It was only natural that the new masters adopted, with certain modifications, the administrative and fiscal systems of the conquered countries. For similar reasons Islâm had to complete its spiritual store from the well-ordered wealth of that of its new adherents. Recent research shows most clearly, that Islâm, in after times so sharply opposed to other religions and so strongly armed against foreign influence, in the first century borrowed freely and simply from the "People of Scripture" whatever was not evidently in contradiction to the Qorân. This was to be expected; had not Mohammed from the very beginning referred to the "people of the Book" as "those who know"? When painful experience induced him afterwards to accuse them of corruption of their Scriptures, this attitude necessitated a certain criticism but not rejection of their tradition. The ritual, only provisionally regulated and continually liable to change according to prophetic inspiration in Mohammed's lifetime, required unalterable rules after his death. Recent studies[1] have shown in an astounding way, that the Jewish ritual, together with the religious rites of the Christians, strongly influenced the definite shape given to that of Islâm, while indirect influence of the Parsî religion is at least probable.
[Footnote 1: The studies of Professors C.H. Becker, E. Mittwoch, and
A.J. Wensinck, especially taken in connection with older ones of Ignaz
Goldziher, have thrown much light upon this subject.]
So much for the rites of public worship and the ritual purity they require. The method of fasting seems to follow the Jewish model, whereas the period of obligatory fasting depends on the Christian usage.
Mohammed's fragmentary and unsystematic accounts of sacred history were freely drawn from Jewish and Christian sources and covered the whole period from the creation of the world until the first centuries of the Christian era. Of course, features shocking to the Moslim mind were dropped and the whole adapted to the monotonous conception of the Qorân. With ever greater boldness the story of Mohammed's own life was exalted to the sphere of the supernatural; here the Gospel served as example. Though Mohammed had repeatedly declared himself to be an ordinary man chosen by Allah as the organ of His revelation, and whose only miracle was the Qorân, posterity ascribed to him a whole series of wonders, evidently invented in emulation of the wonders of Christ. The reason for this seems to have been the idea that none of the older prophets, not even Jesus, of whom the Qorân tells the greatest wonders, could have worked a miracle without Mohammed, the Seal of the prophets, having rivalled or surpassed him in this respect. Only Jesus was the Messiah; but this title did not exceed in value different titles of other prophets, and Mohammed's special epithets were of a higher order. A relative sinlessness Mohammed shared with Jesus; the acceptance of this doctrine, contradictory to the original spirit of the Qorân, had moreover a dogmatic motive: it was considered indispensable to raise the text of the Qorân above all suspicion of corruption, which suspicion would not be excluded if the organ of the Revelation were fallible.
This period of naively adopting institutions, doctrines, and traditions was soon followed by an awakening to the consciousness that Islâm could not well absorb any more of such foreign elements without endangering its independent character.
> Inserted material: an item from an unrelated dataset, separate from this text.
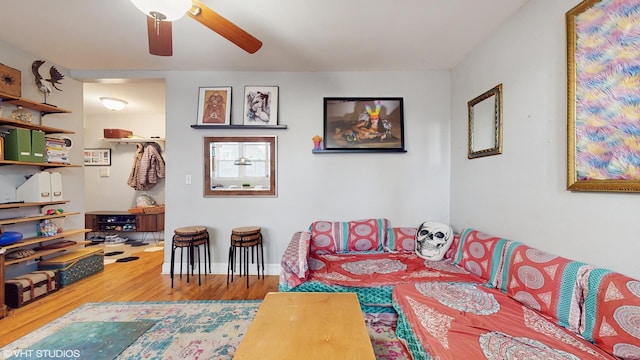 living area featuring ceiling fan and wood finished floors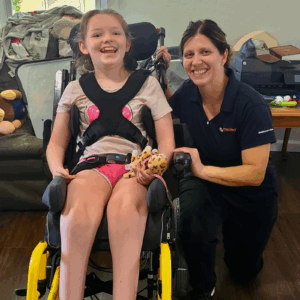 A smiling young girl using a pediatric mobility device holds a toy cheetah, while an adult woman in a navy shirt kneels beside her, also smiling. They are indoors, with toys and furniture in the background.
Then a sorting began; and the assimilation of the vast amount of borrowed matter, that had already become an integral part of Islâm, was completed by submitting the whole to a peculiar treatment. It was carefully divested of all marks of origin and labelled hadîth,[1] so that henceforth it was regarded as emanations from the wisdom of the Arabian Prophet, for which his followers owed no thanks to foreigners.
[Footnote 1: Hadîth, the Arabic word for record, story, has assumed the technical meaning of "tradition" concerning the words and deeds of Mohammed. It is used as well in the sense of a single record of this sort as in that of the whole body of sacred traditions.]
At first, it was only at Medina that some pious people occupied themselves with registering, putting in order, and systematizing the spiritual property of Islâm; afterwards similar circles were formed in other centres, such as Mecca, Kufa, Basra, Misr (Cairo), and elsewhere. At the outset the collection of divine sayings, the Qorân, was the only guide, the only source of decisive decrees, the only touchstone of what was true or false, allowed or forbidden. Reluctantly, but decidedly at last, it was conceded that the foundations laid by Mohammed for the life of his community were by no means all to be found in the Holy Book; rather, that Mohammed's revelations without his explanation and practice would have remained an enigma. It was understood now that the rules and laws of Islâm were founded on God's word and on the Sunnah, i.e., the "way" pointed out by the Prophet's word and example. Thus it had been from the moment that Allah had caused His light to shine over Arabia, and thus it must remain, if human error was not to corrupt Islâm.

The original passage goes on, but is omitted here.